Please repeat, exactly as written, the line containing "2021 Moto G Play front" and every line after it through the end of the records below.

Data for the task
________________

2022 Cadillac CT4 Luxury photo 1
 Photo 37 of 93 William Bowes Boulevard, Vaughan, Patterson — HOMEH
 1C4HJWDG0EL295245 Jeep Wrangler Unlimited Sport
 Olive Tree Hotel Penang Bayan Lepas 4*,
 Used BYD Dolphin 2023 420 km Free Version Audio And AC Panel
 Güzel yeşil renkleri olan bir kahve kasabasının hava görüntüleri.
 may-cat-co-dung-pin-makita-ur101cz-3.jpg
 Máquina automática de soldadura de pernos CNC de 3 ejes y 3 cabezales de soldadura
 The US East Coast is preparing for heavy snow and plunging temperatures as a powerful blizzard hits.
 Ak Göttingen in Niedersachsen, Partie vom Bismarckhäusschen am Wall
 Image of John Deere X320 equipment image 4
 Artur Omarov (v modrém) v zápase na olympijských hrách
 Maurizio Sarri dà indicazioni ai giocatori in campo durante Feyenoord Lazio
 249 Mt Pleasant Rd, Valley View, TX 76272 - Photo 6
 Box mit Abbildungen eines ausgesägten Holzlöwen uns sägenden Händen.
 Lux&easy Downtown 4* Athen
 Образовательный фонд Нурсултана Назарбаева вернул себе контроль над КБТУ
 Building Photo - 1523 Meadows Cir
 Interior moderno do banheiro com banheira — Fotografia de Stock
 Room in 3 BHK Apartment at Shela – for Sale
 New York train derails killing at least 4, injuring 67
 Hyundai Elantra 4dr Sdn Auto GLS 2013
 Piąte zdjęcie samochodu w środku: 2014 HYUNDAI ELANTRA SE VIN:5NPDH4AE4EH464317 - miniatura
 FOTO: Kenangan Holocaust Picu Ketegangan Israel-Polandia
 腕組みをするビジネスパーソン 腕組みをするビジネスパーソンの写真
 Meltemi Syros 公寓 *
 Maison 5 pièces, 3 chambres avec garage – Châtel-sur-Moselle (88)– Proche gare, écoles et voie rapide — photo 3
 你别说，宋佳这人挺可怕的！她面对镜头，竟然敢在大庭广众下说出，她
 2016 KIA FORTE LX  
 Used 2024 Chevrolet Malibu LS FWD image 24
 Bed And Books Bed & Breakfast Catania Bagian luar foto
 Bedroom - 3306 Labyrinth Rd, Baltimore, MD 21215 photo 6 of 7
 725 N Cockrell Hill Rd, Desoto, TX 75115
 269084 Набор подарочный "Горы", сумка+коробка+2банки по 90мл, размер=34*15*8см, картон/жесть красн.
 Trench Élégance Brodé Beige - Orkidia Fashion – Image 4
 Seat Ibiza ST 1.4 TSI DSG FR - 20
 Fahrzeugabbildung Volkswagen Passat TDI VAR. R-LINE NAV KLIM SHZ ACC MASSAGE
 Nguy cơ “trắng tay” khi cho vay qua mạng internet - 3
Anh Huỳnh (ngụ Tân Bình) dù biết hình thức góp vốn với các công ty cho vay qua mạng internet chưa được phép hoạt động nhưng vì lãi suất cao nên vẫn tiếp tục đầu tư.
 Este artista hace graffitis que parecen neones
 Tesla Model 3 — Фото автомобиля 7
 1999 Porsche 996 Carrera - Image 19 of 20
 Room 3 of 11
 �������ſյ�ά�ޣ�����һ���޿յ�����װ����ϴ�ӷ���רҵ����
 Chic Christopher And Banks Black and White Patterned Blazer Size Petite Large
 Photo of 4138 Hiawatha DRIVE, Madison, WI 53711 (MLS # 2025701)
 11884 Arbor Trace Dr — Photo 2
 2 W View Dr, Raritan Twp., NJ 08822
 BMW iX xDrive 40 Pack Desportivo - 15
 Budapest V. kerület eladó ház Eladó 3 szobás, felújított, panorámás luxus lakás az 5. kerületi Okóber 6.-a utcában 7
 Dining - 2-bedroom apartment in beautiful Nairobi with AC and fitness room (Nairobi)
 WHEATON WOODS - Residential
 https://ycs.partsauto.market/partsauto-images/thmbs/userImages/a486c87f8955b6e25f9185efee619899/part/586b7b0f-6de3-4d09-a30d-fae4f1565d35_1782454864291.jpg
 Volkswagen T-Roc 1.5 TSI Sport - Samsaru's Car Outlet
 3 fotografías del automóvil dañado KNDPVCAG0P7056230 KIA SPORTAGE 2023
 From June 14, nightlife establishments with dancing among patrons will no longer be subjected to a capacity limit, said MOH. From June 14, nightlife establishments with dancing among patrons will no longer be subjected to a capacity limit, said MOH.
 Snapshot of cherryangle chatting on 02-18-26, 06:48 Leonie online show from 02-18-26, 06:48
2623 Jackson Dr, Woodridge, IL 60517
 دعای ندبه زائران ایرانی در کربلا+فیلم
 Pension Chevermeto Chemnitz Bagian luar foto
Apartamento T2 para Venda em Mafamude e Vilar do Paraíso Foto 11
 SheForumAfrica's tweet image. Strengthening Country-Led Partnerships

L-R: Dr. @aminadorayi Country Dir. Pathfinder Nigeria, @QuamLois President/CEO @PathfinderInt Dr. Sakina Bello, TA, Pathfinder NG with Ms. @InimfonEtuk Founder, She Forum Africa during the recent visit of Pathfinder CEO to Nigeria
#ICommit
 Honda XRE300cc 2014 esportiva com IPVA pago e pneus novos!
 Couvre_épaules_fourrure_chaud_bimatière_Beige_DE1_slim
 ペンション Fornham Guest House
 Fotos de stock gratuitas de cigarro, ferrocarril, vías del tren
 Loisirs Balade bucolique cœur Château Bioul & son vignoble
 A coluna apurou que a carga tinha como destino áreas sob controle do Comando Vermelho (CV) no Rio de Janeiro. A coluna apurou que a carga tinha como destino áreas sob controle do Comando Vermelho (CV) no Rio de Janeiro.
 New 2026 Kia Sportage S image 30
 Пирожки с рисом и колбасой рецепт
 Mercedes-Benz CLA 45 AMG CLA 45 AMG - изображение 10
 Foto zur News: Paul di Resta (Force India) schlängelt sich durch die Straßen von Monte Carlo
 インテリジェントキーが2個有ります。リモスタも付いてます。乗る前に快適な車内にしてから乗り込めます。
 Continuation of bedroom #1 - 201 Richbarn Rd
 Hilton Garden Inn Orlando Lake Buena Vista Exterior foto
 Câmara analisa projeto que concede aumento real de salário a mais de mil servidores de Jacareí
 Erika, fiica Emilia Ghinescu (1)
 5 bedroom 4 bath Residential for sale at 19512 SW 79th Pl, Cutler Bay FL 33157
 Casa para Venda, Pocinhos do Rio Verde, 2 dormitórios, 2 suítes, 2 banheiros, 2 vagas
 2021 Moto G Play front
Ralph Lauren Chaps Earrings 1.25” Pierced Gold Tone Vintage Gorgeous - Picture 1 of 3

________________

Worked solution
 2021 Moto G Play front
Ralph Lauren Chaps Earrings 1.25” Pierced Gold Tone Vintage Gorgeous - Picture 1 of 3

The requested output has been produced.